A new study may call into question what Americans have been recently told about how many gay people exist and how many people are anti-gay — and the numbers may be larger than thought — merely because many Americans fear telling the truth regarding social desirability issues.

“We find substantial under-reporting of LGBT identity and behaviors as well as underreporting of anti-gay sentiment …even under anonymous and very private conditions,” a team of researchers from Ohio State and Boston Universities wrote in a working paper just published by the National Bureau of Economic Research, according to Rich Morin at the Pew Research Center.

The researchers developed a new testing method they call “Veiled Report,” which “makes it virtually impossible to connect individual respondents with their answers to sensitive questions,” Morin reports:

In the results using the experimental technique, self-reports of non-heterosexual identity amounted to 19% of those surveyed using the Veiled Report methods – 65% higher than the 11% in the control group. The share reporting same-sex sexual experiences also grew from 17% in the control group to 27% in the Veiled Report group, they reported.

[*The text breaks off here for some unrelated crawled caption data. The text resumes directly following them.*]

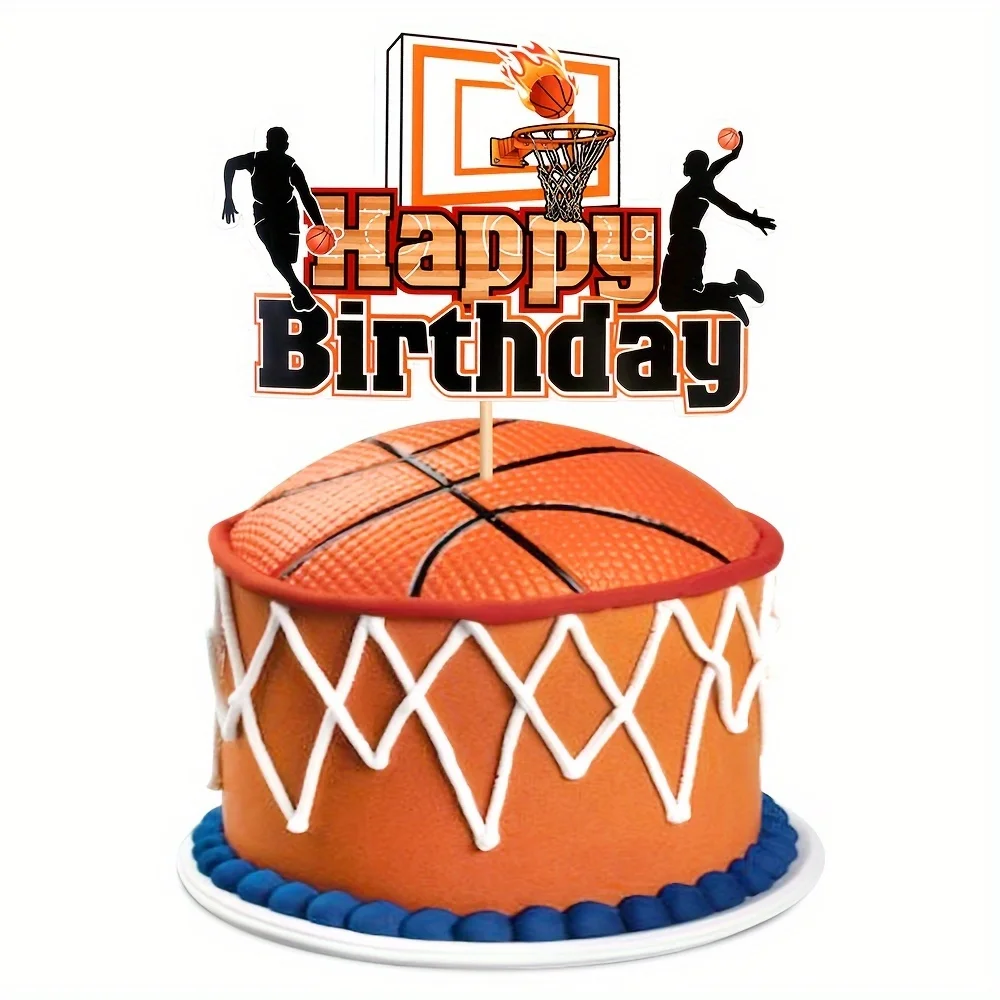 Basketball Happy Birthday Tortenaufsatz Basketball-Sport-Thema Geburtstagstorten-Deko für Themen-Babyparty Geburtstagsfeier Tortendekoration
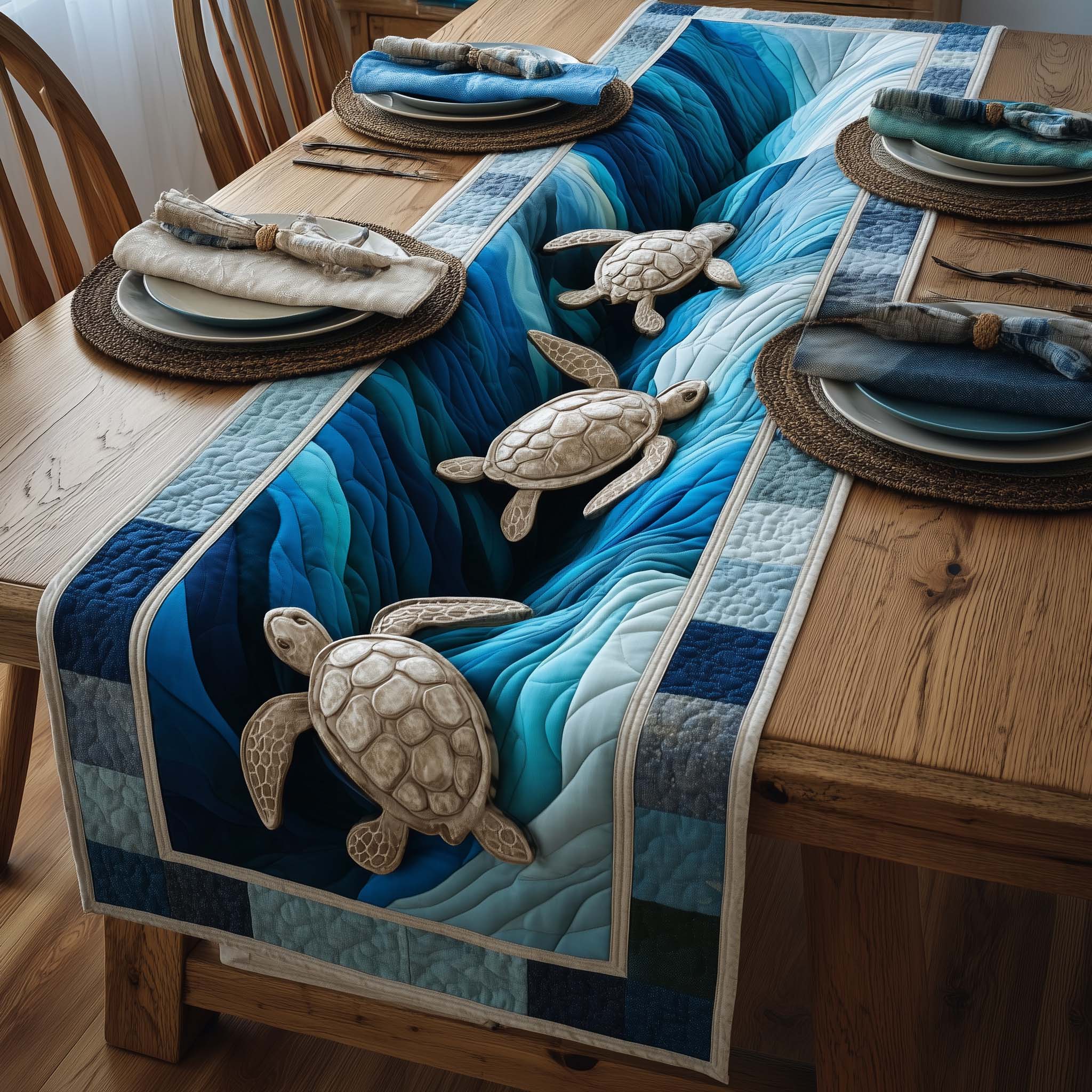 Ocean Drifter Quilted Table Runner Beach Theme Table Runner Gifts For A Turtle Lover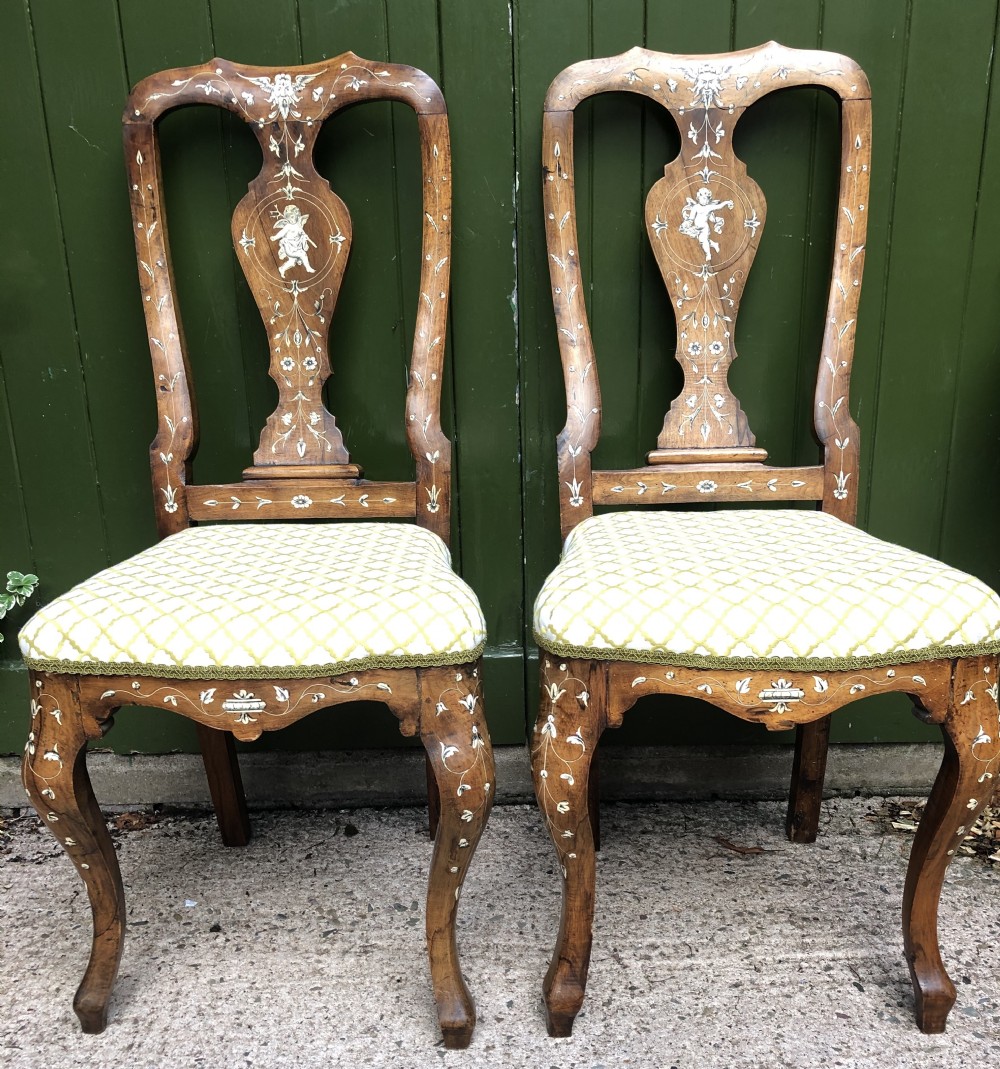 pair of c18th italian ivoryinlaid walnut side chairs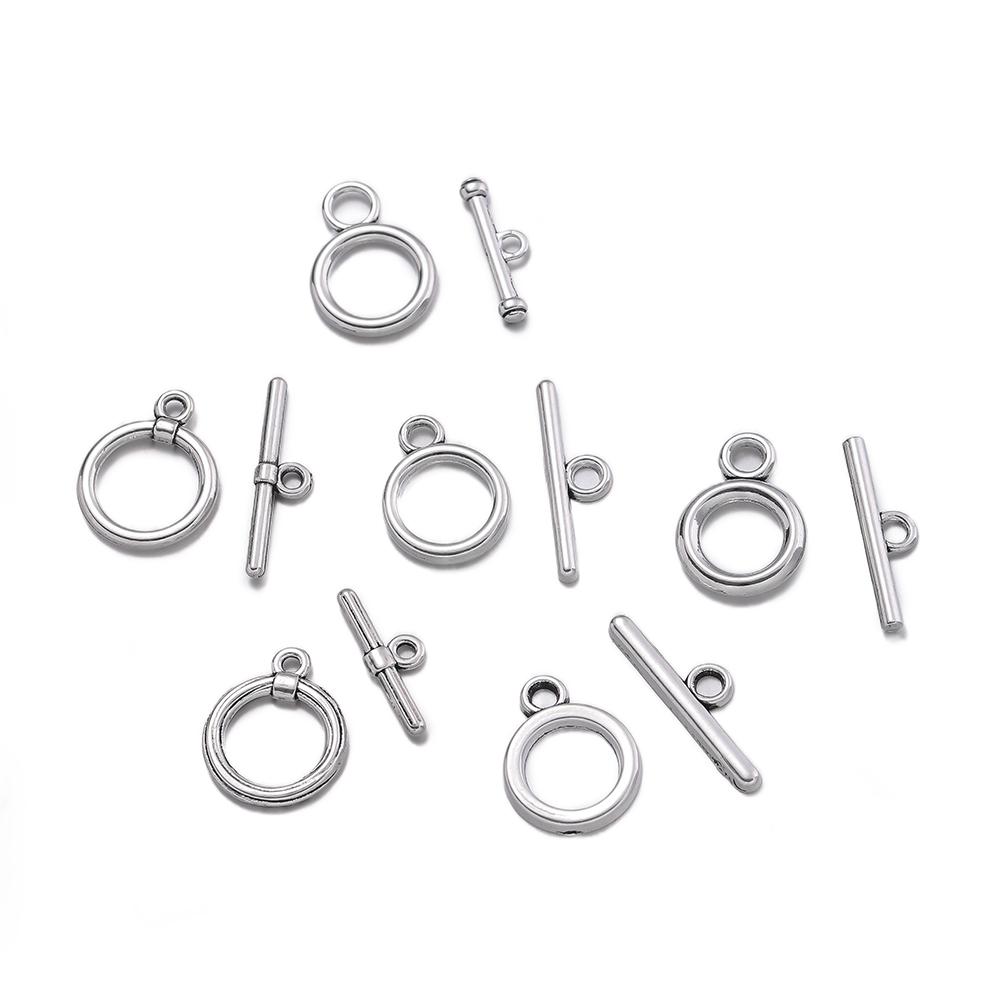 10Sets OT Clasp Alloy Toggle Clasps Round Bar Connector for DIY Jewelry Making Bracelet Hooks Crafts Necklaces Accessories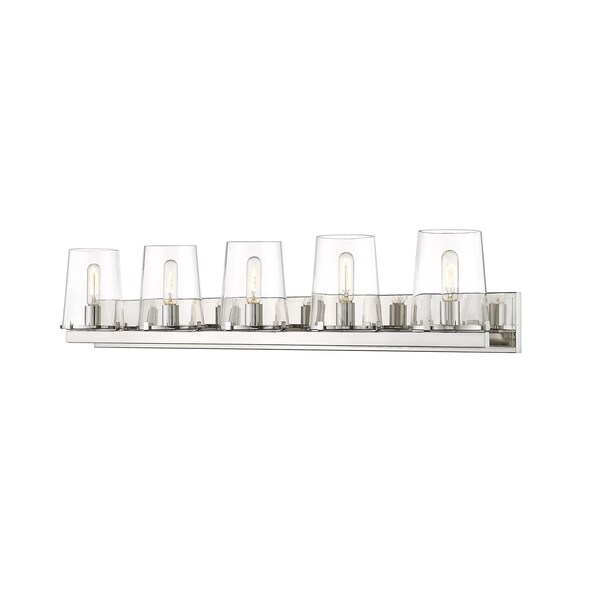 Z-Lite Callista 5 Light Vanity, Polished Nickel & Clear 3032-5V-PN - main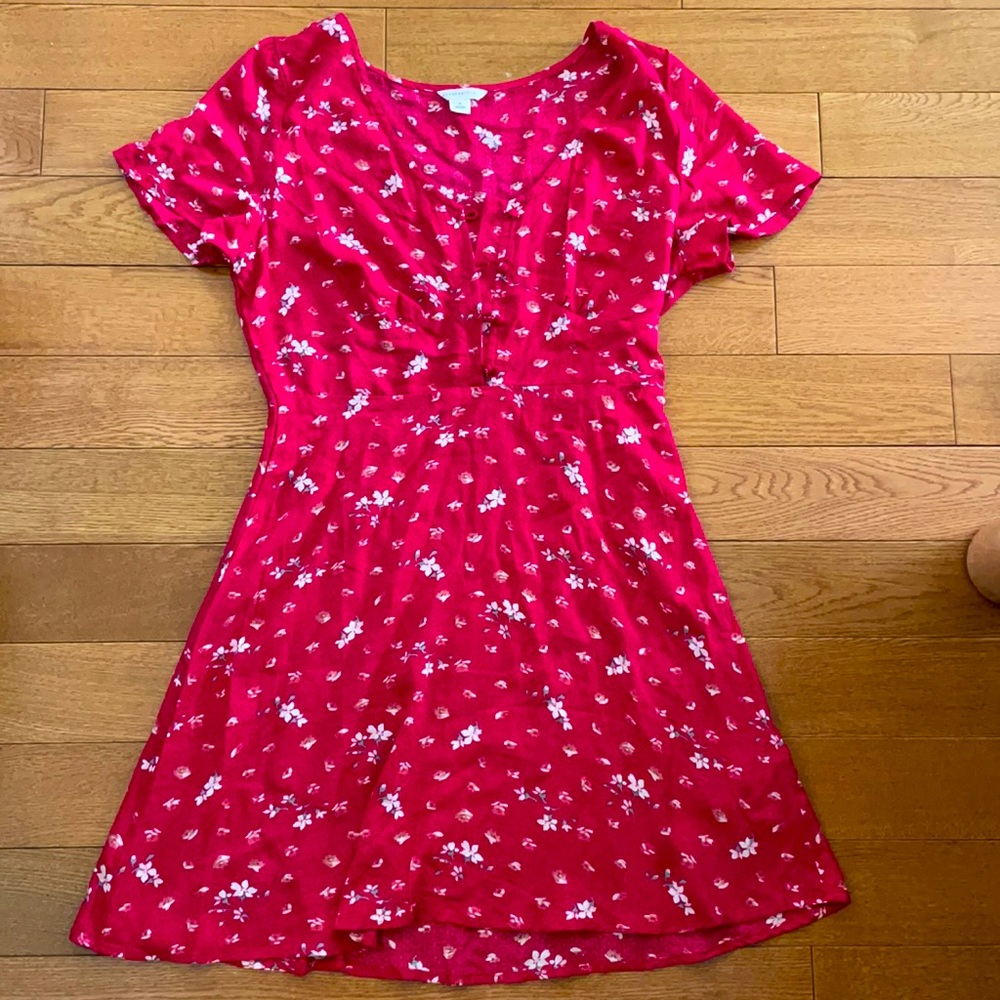 Red floral dress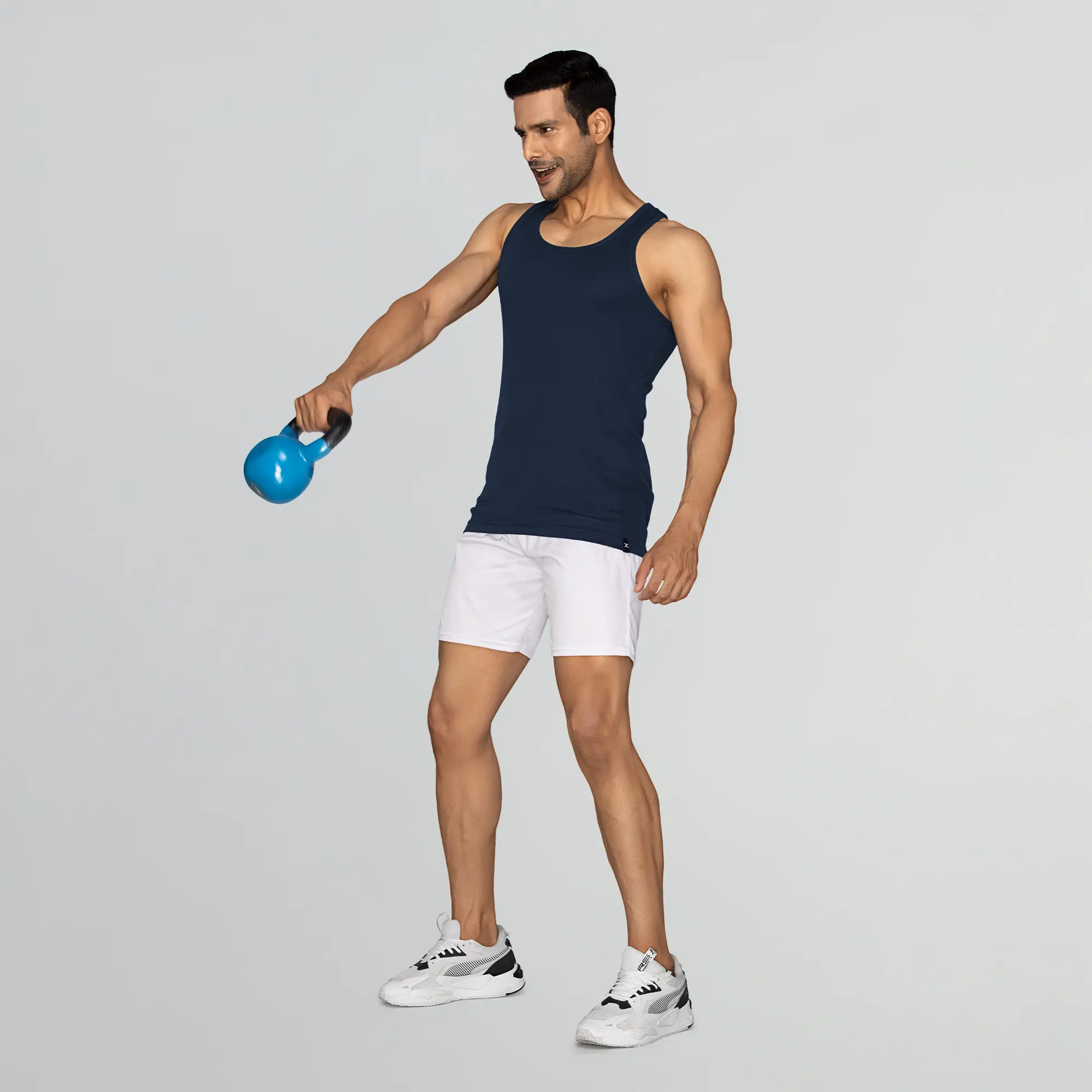 Nova Round Neck Racer Back Vest Midnight Blue - Image 5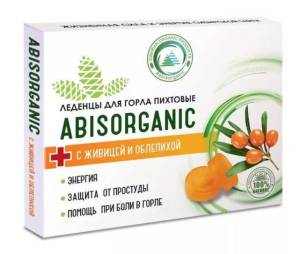 Леденцы ABISORGANIC Пихтовые с живицей и облепихой 10шт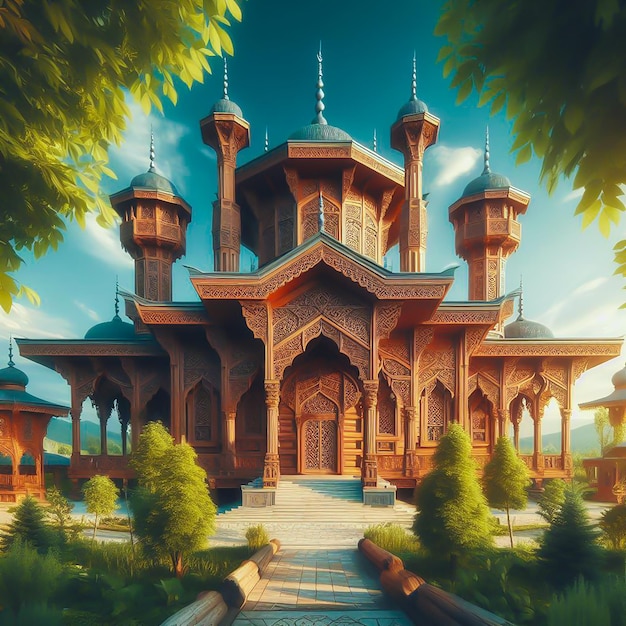 Beautiful wood mosque and nature view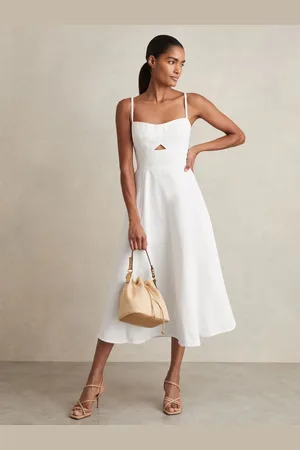 Reiss Annie Denim Fit and Flare Midi Dress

The experimental method also increased the rates of anti-gay sentiment. For example, the share who disapproved of having an openly gay manager at work increased from 16% in the control group to 27% in the Veiled Report group. The proportion who thought it should be legal to discriminate when hiring on the basis of sexual orientation also rose from 14% to 25%.

However, those in the Veiled Report treatment were less likely than those in the Direct Report treatment to say that a homosexual person “can change their sexual orientation if they choose to do so” (22% vs. 15%). As the authors suggest, “This indicates that participants saw it more socially desirable to report that sexual orientation is changeable, which goes in the opposite direction of a general ‘pro-LGBT’ norm.”

And while Pew repeatedly notes that the study cannot be used to determine how many how many people are gay or lesbian as it did not use a random sampling, it can be used to find that respondents will be more honest when they are certain their answers cannot be traced back to them.

One year ago a Gallup study found 3.4 percent of Americans publicly identified as LGBT. And a 2011 study by Gary Gates of the Williams Institute at UCLA found that while 11 percent of the population, more than 25 million Americans, acknowledge some same-gender sexual attraction, 3.5 percent of Americans publicly identify as gay, lesbian, or bisexual.